Conforme o Projeto de Lei 2158/23, originário do Senado, a instalação de farmácias ou drogarias em áreas de venda de supermercados será autorizada, contanto que operem em um espaço físico distintamente delimitado, segregado e exclusivamente dedicado às atividades farmacêuticas.
O deputado Dr. Zacharias Calil (União-GO), relator da matéria, manifestou parecer favorável ao texto, argumentando que a medida aprimora o acesso à saúde em localidades de menor porte. Ele ressaltou as “dificuldades de acesso enfrentadas pelos consumidores que residem em pequenos municípios, nas regiões mais remotas do Brasil, devido à ausência de farmácias nesses locais”.
Mesmo que a operação ocorra sob a mesma identidade fiscal do supermercado ou através de um contrato com uma farmácia ou drogaria devidamente licenciada e registrada, o estabelecimento deverá cumprir rigorosamente as mesmas exigências sanitárias e técnicas aplicáveis. Isso inclui aspectos como dimensionamento físico e estrutura para consultórios farmacêuticos, bem como os procedimentos de recebimento, armazenamento, controle de temperatura, ventilação, iluminação e umidade. Além disso, são mandatórias as práticas de rastreabilidade, assistência e cuidados farmacêuticos.
Adicionalmente, a presença de farmacêuticos legalmente habilitados será compulsória durante todo o período de funcionamento da farmácia ou drogaria estabelecida no espaço de vendas do supermercado.
Controle especial de medicamentos
No que tange aos medicamentos de controle especial, que exigem a retenção da receita, a legislação estabelece que a entrega do produto e as respectivas orientações (dispensação) somente poderão ser realizadas após a efetivação do pagamento.

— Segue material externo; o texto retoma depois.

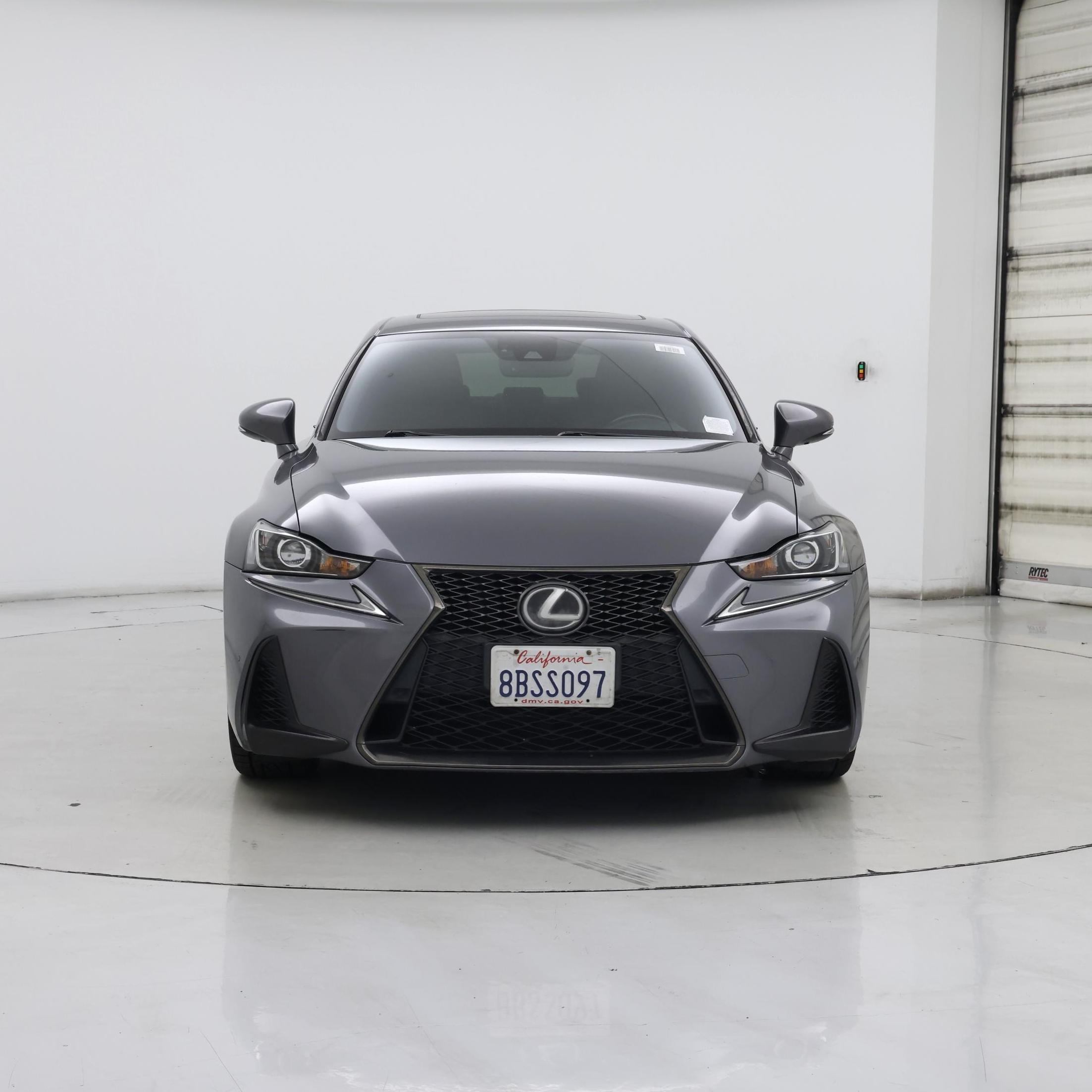 Thumbnail: 2018 Lexus IS - 5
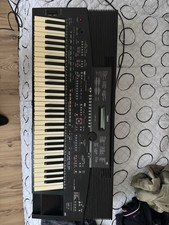 Keyboard Yamaha PSR-1700 mit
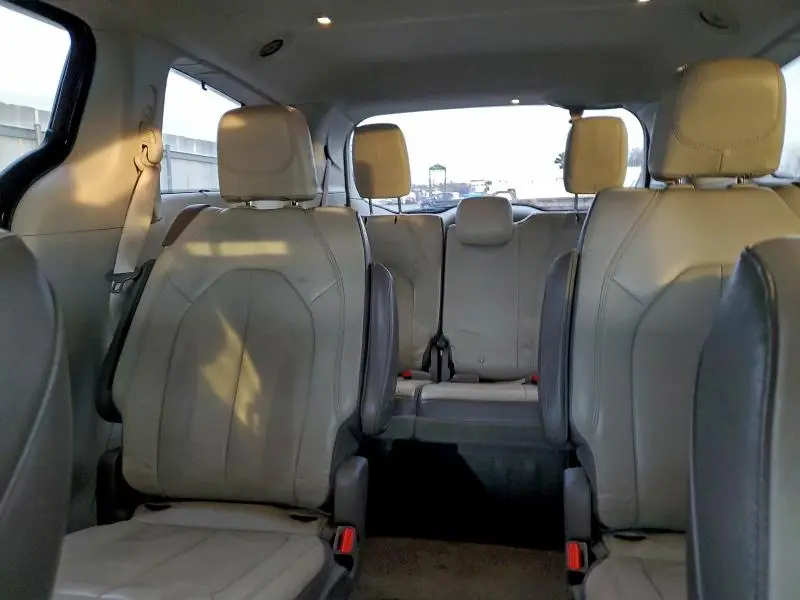 2017 CHRYSLER PACIFICA TOURING L  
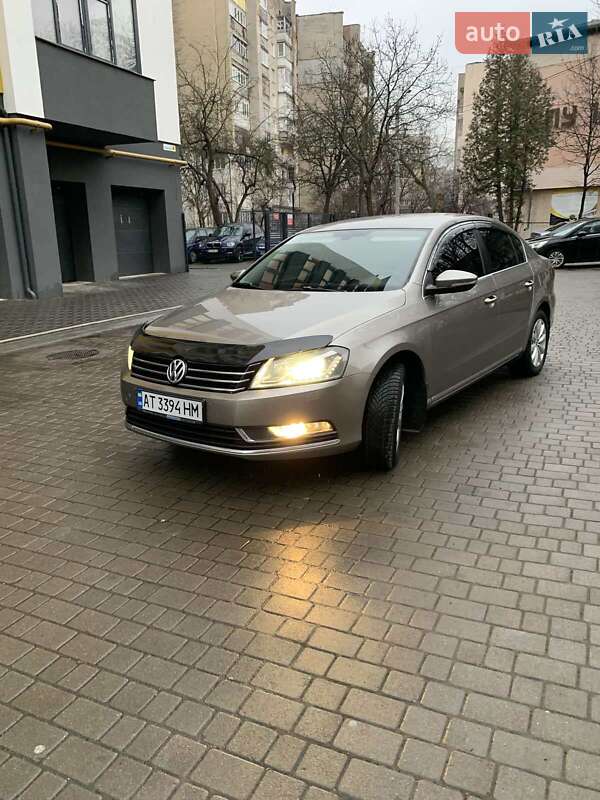 Седан Volkswagen Passat 2013 в 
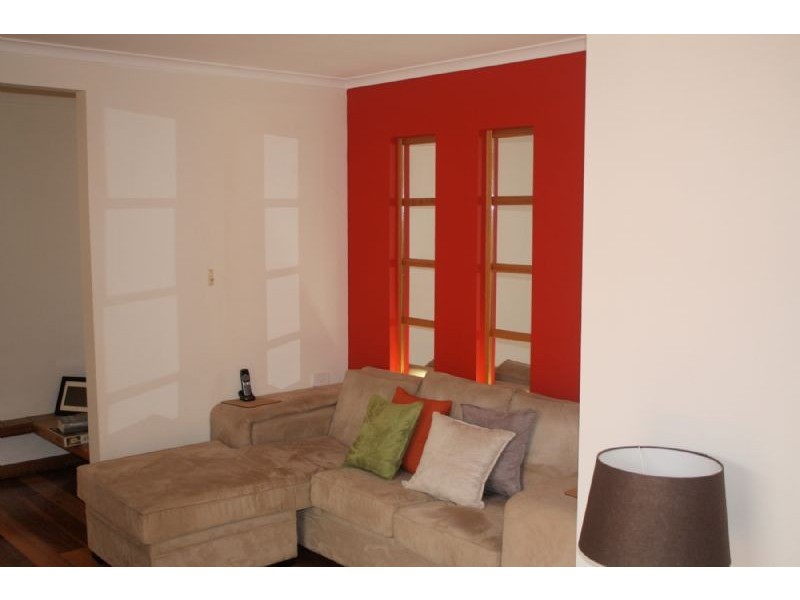 9 BROUGHAM CLOSE, Eumemmerring VIC 3177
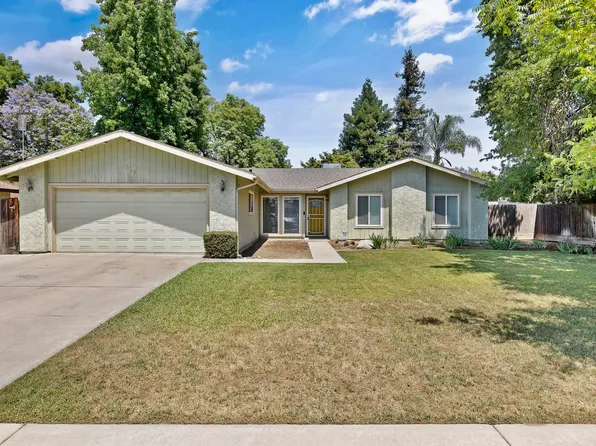 946 E Cambridge Avenue, Visalia, CA 93292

Como alternativa, esses fármacos poderão ser encaminhados do balcão de atendimento até o ponto de pagamento em uma embalagem devidamente lacrada, inviolável e com identificação clara.
Separação funcional dos espaços
Uma restrição adicional imposta é a proibição da oferta de medicamentos em áreas abertas, comunicáveis ou desprovidas de uma separação funcional completa, como bancadas, estandes ou gôndolas situadas fora do ambiente físico da farmácia ou drogaria.
As operações desses estabelecimentos estarão submetidas às mesmas regulamentações aplicáveis às farmácias convencionais, incluindo as disposições da lei que versa sobre o exercício e a fiscalização das atividades farmacêuticas (Lei 13.021/14) e da legislação referente à vigilância sanitária de medicamentos, drogas, insumos farmacêuticos e correlatos (Lei 6.360/76).
Comércio eletrônico e entregas
O projeto de lei também autoriza farmácias e drogarias, devidamente licenciadas e registradas, a utilizar canais digitais e plataformas de comércio eletrônico para otimizar a logística e a entrega de produtos ao consumidor, desde que garantam a observância integral da regulamentação sanitária pertinente.